- The client had asked ProCogia to help replace their existing vehicle telemetry solution, which persisted data in an SQL database. This solution was to be deprecated in favour of one that aligned with their existing Data Platform, where data was stored using the Delta format.
- ProCogia built a new Azure Data Factory pipeline to facilitate procurement of the raw XML formatted telemetry data and convert it to a tabular (parquet file) form.
- The telemetry comprised of vessel sensor reading which included engine RPM, fuel burn rates and GPS locations amongst others.
- The pipeline employed an Azure function app, again written in Python/Pandas. With each row of XML delivering a different timestamped sensor reading, data processing was non-trivial and called for both time-based grouping and pivoting.
- Pandas was chosen as it provided a natural and easy solution to wrangling XML data. Furthermore, when deployed as a function app, Azure offers a low cost, pay-per-use serverless solution, perfect for batch-based ingestion pipelines.
- A PySpark script, deployed into a Databricks cluster completed the curation process by persisting the data as Delta formatted parquet files. ProCogia demonstrated industry best practices by developing and unit testing PySpark code in a local development environment. To date all Spark code was built interactively in notebooks on a running cluster.

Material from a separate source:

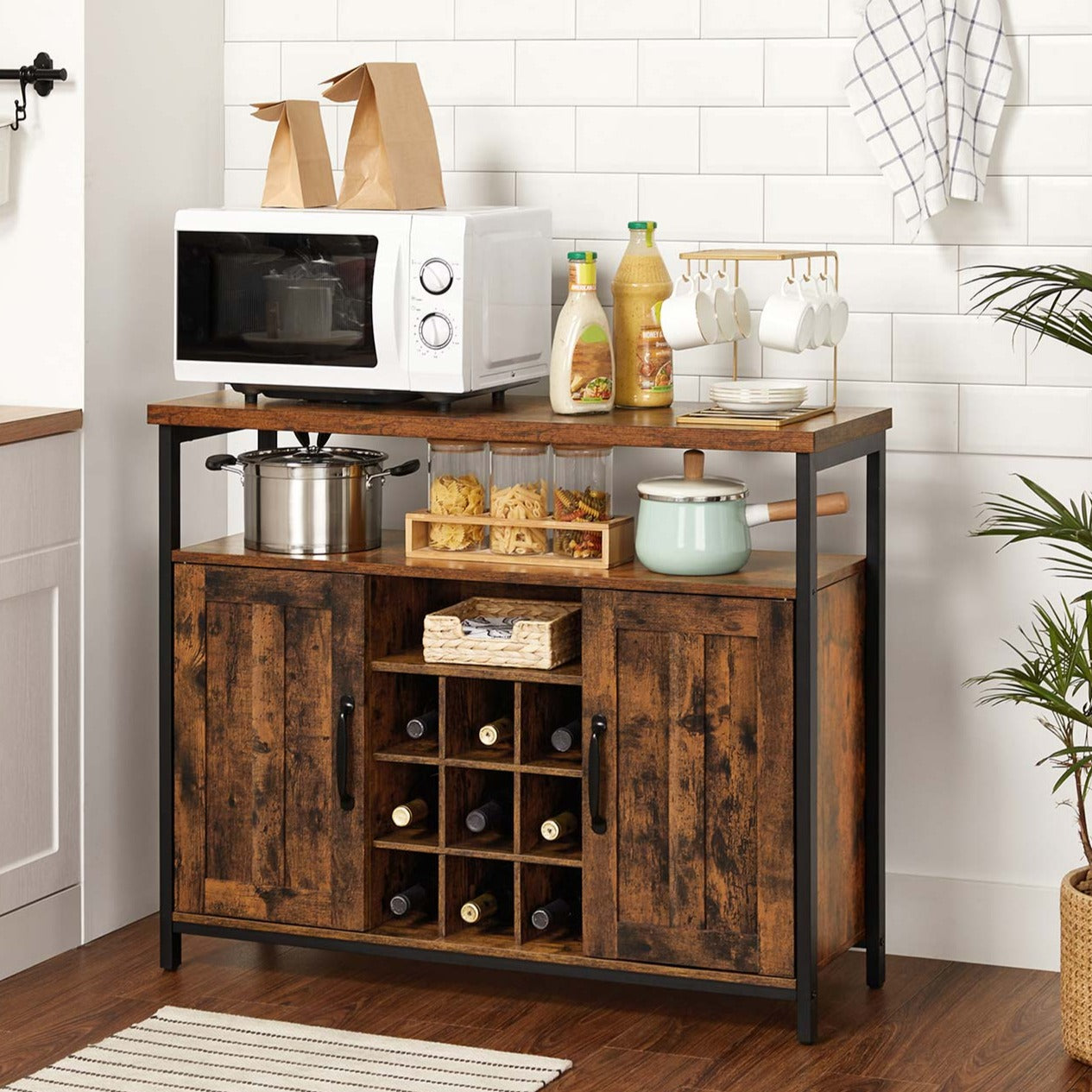 Armadietto Portaoggetti, 100 x 35 x 81,4 cm, Credenza - VASAGLE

- ProCogia were able to rebuild a new telemetry ingestion mechanism from the ground up that delivered data straight into the client’s Data Lake hosted in Azure, making it available as alongside other operational data.
- Using Databricks, we were able to materialize results from complex joins, preparing metrics for rapid and easy consumption at the presentation layer.
- Our solution helped the client gain a deeper understanding of their KPIs including distance travelled, RPM (Revs per minute), fuel consumption rates, journey duration and GPS tracking.